--- Task input ---
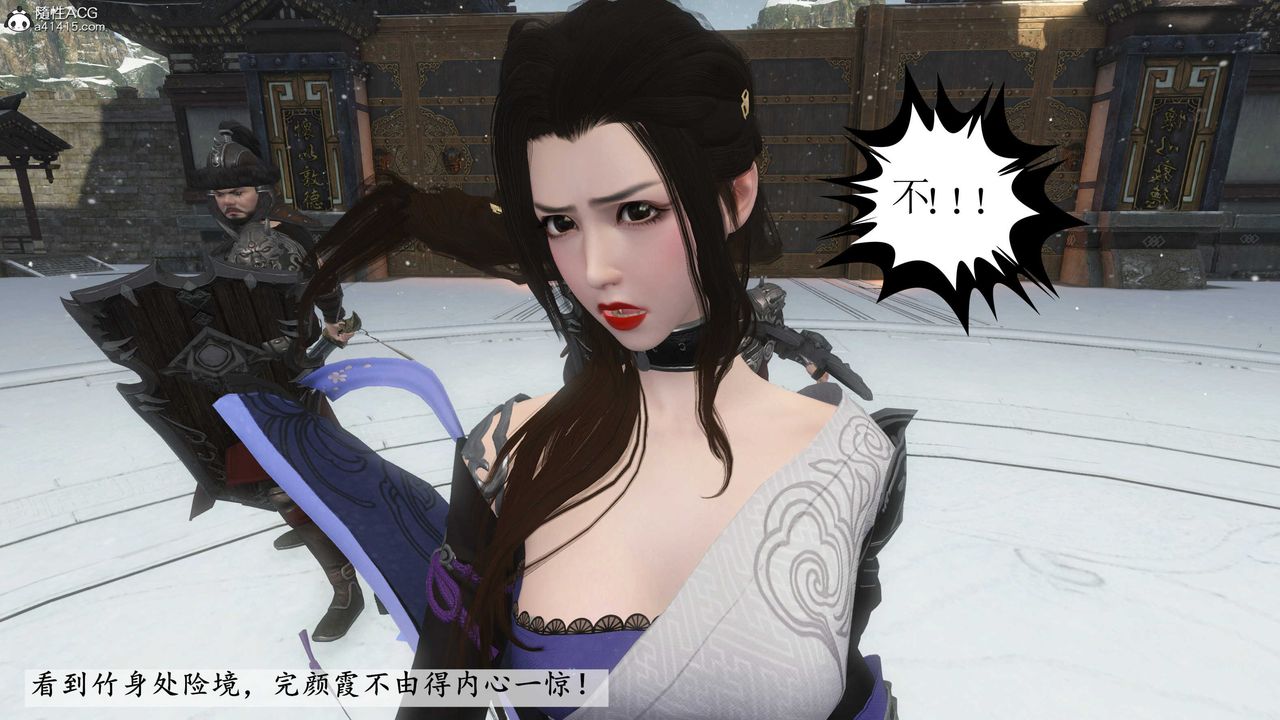 [3D]落花传第08话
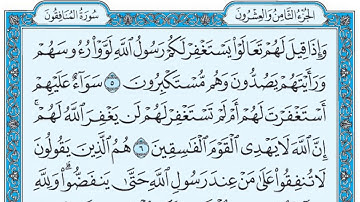 سورة المنافقون / فضيلة الشيخ صلاح البدير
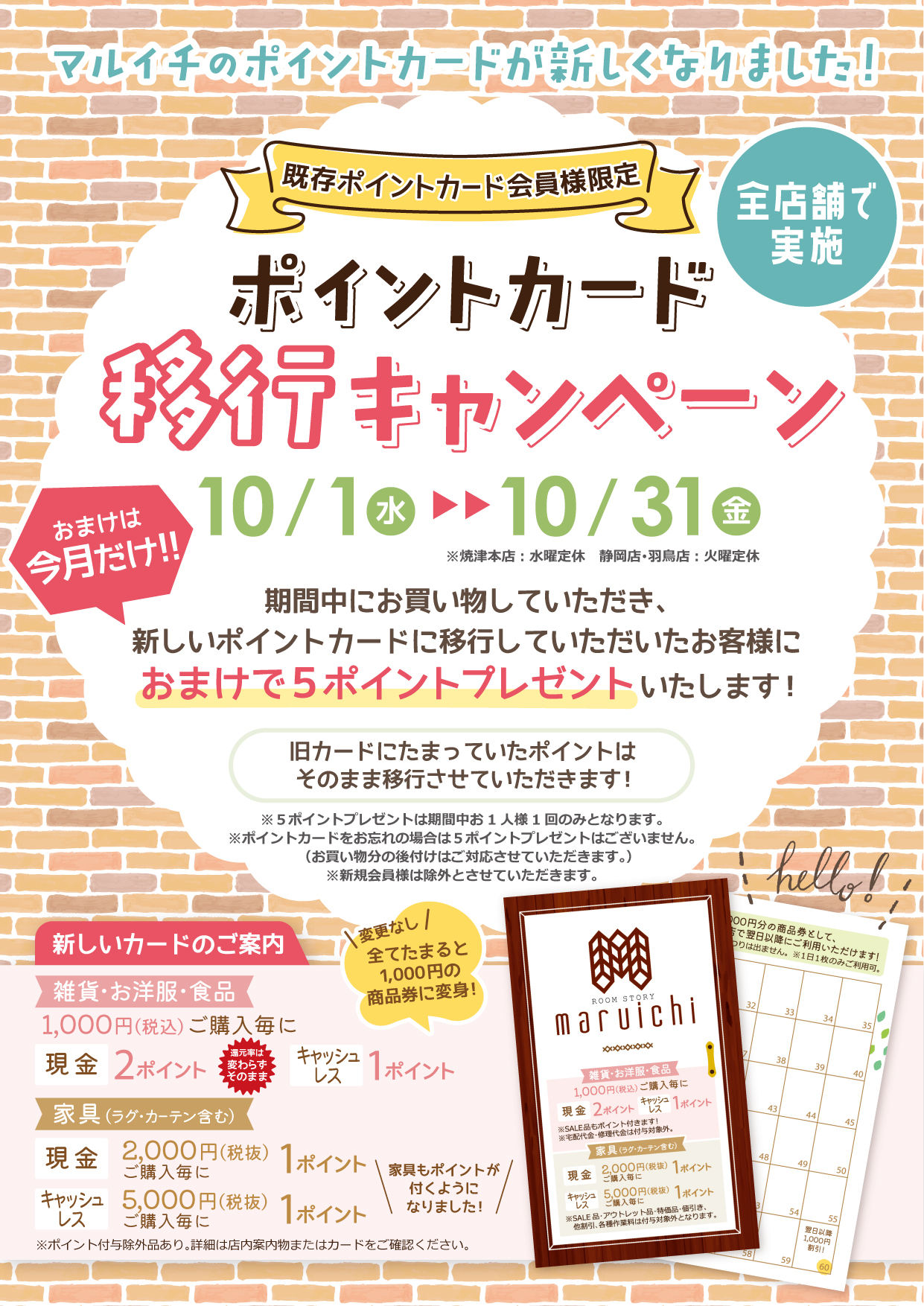 ポイントカード_移行キャンペーン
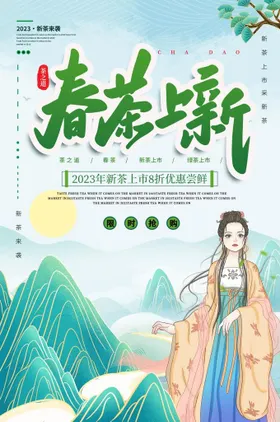 原创手绘春茶上市促销海报茶海报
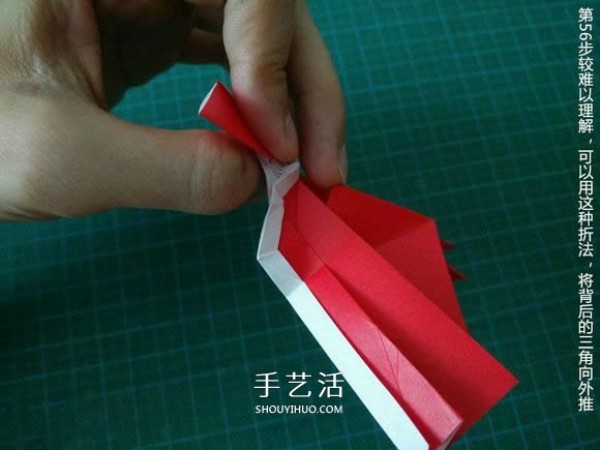 Illustrated tutorial on how to fold the Christmas crane How to fold the Christmas crane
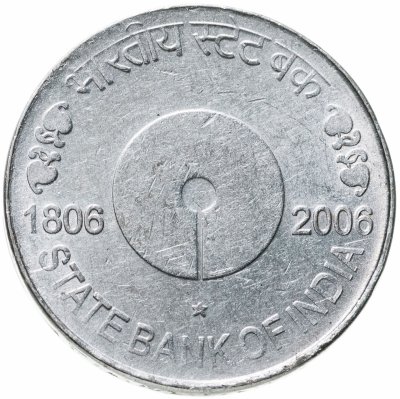 купить Индия 5 рупий (rupees) 2006 "200 лет Государственному банку Индии"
---
## What the task asks
Please retype the lines from the one that contains "سورة المنافقون / فضيلة الشيخ صلاح البدير" to the final line of the records, both included, exactly as written and without any pictures.

## Exercise result
 سورة المنافقون / فضيلة الشيخ صلاح البدير
 ポイントカード_移行キャンペーン
 原创手绘春茶上市促销海报茶海报
 Illustrated tutorial on how to fold the Christmas crane How to fold the Christmas crane
 купить Индия 5 рупий (rupees) 2006 "200 лет Государственному банку Индии"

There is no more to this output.